When the book came out at Christmas last year, I was afraid to send it to him, afraid that it would hit a little too close to home. So I made my mom read it first, and she gave me the go-ahead.

This is what he wrote to me after he read it...
"As you might know, I pretty much lost the use of my left eye after a retina surgery; thus the very small print makes it nearly impossible to read your book, so I brought a magnifying glass and attacked the book again. As the three different segments came together I found myself more interested in what's to come. Midway through I saw it all come together and didn't want to put it down. The latter part of the book and the ending kept me engrossed as the story became more and more touching--especially around the cancer issues. Congratulations, Uncle Manny"
This summer he made one last trip to Chicago for a wedding party (my cousin's). He knew it was his last visit. He normally never drove through the city (he drove around it) to get to us, but this time he said "Jill (his wife) insisted." At that party, and another party the next night, he got to say goodbye to his family and friends here (and there are many). And though we could tell he was suffering, he was still the same Uncle Manny--laughing and joking through his pain.

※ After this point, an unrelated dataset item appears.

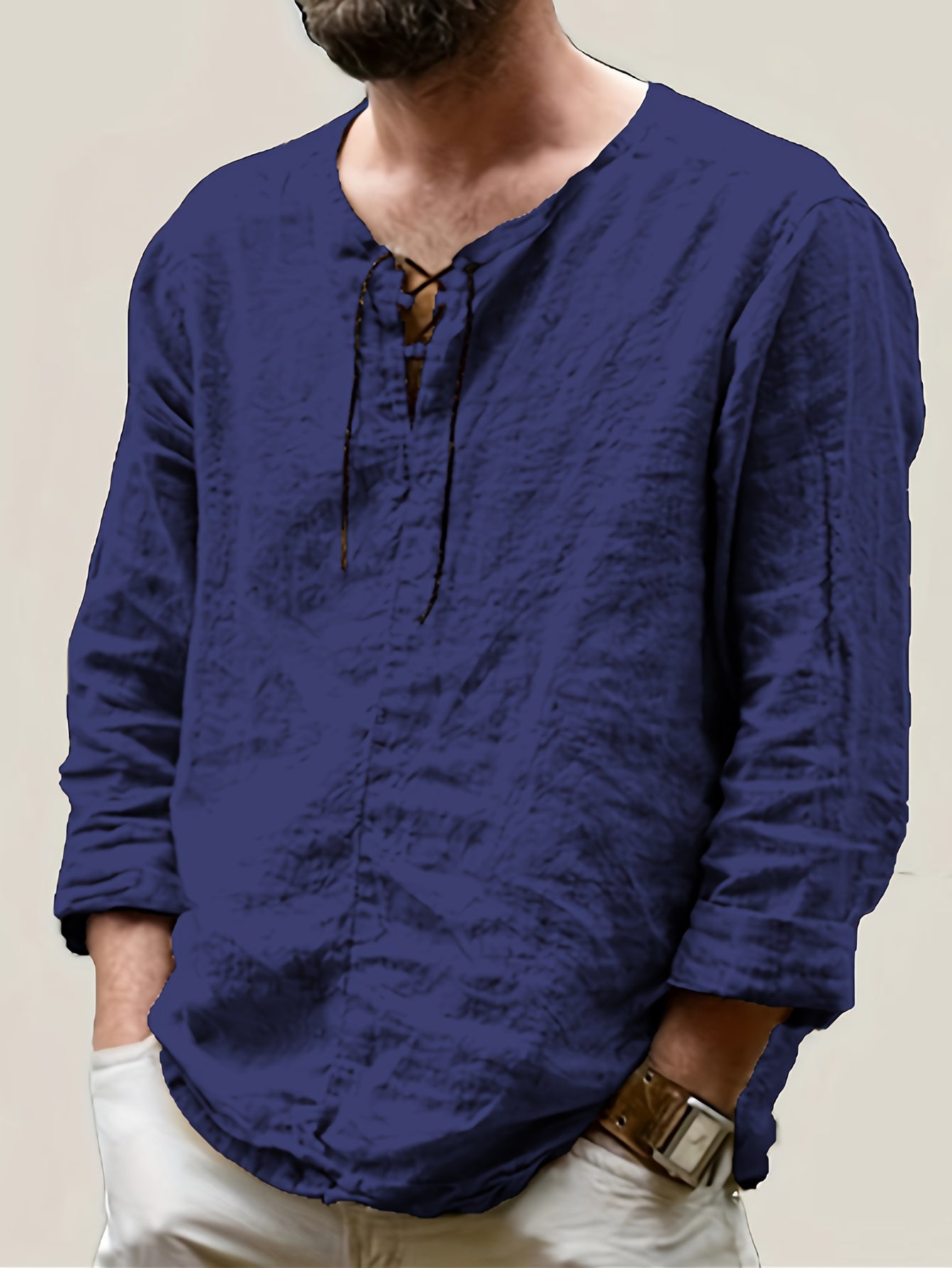Arne | Chemise homme en coton et lin - manches longues, coupe ample décontractée, col à nouer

My sister, aunt, mom and I drove down to Atlanta to see him one last time about a month ago. We told stories about the good old days, and the not so good old days (in Germany after the war). We laughed and joked, played cards and argued about politics. We even got to watch one last Cubs game together.

Before we left the next day he gave me three things to take back to Chicago with me: his private stash of liverwurst, a saw blade, and a really expensive bottle of tequila. (That three-pack of gifts cracked me up). Even though he really shouldn't have been driving anymore, Uncle Manny escorted the clueless foursome back to the highway--his one last gesture of help. He pulled into the parking lot right before the exit ramp, and waved goodbye. I could see the tears in his eyes--something I had never seen before.

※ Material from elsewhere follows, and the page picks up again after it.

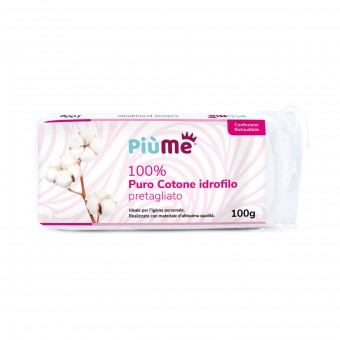 PIUME COTONE IDROFILO 100% PURO PRETAGLIATO BUSTA 100 grammi, COTONE, S157434, 81652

It was the last time I saw him.

He called my mom and aunt a few weeks ago to tell them he was in hospice. (How many patients make that call themselves?) A few days ago, I was told that the end was very near, so I wrote him an e-mail. It said simply:
"Uncle Manny, I don't know if you're checking your e-mail, but I didn't want to bother you with a phone call. You're probably getting a ton of them. I just wanted to let you know that you are constantly in our thoughts and minds up here in Chicago. All of us are wishing you well and praying for the best. I know you already knew that, but I wanted to say it anyway. Love, Rick."

Aunt Jill says it was the last e-mail he was able to read.

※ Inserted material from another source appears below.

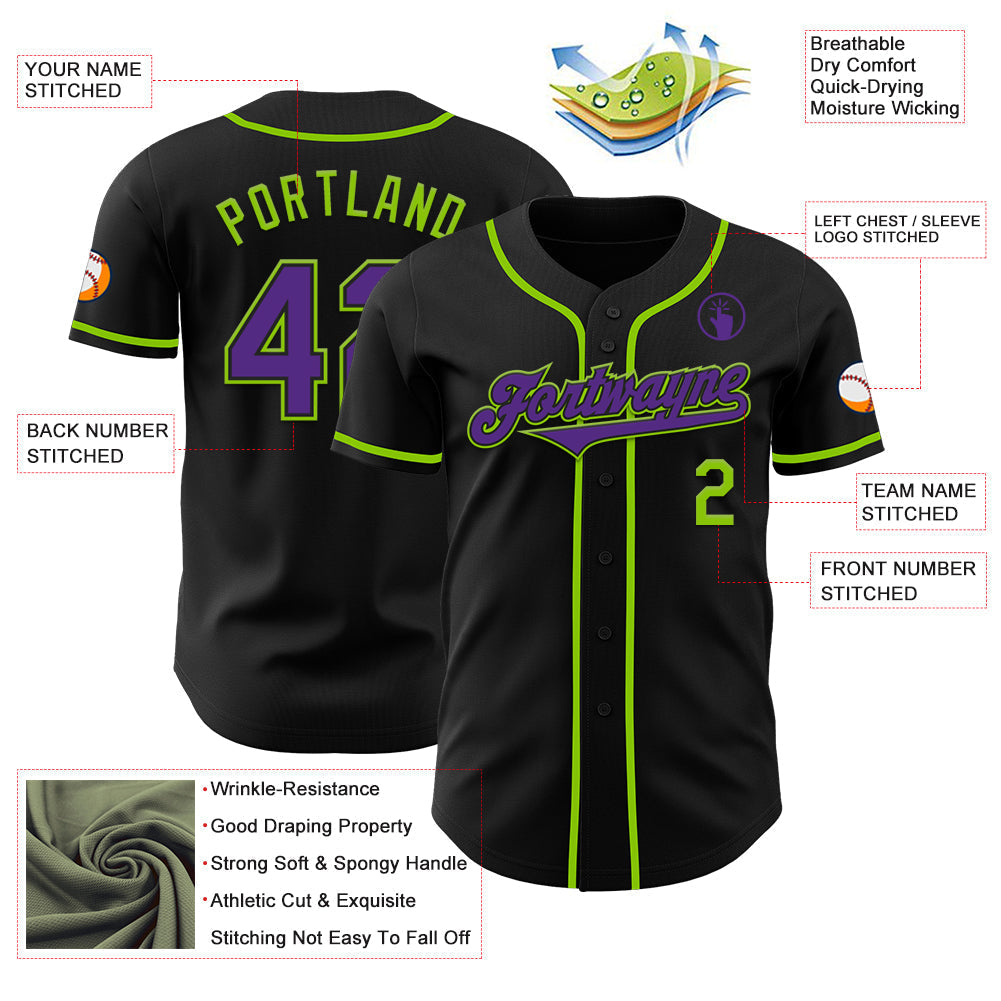 Custom Black Purple-Neon Green Authentic Baseball Jersey baseball jersey product view 3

He died peacefully this morning with his son Eric and wife Jill each holding his hand. His daughter Kara had been there constantly for the past few days too.

You know, as you go through life there are many people that touch you, affect you, and inspire you, but there are only a small handful of people that make you who you are.

For me, Uncle Manny was one of those people.

I can't begin to express how much I will miss him.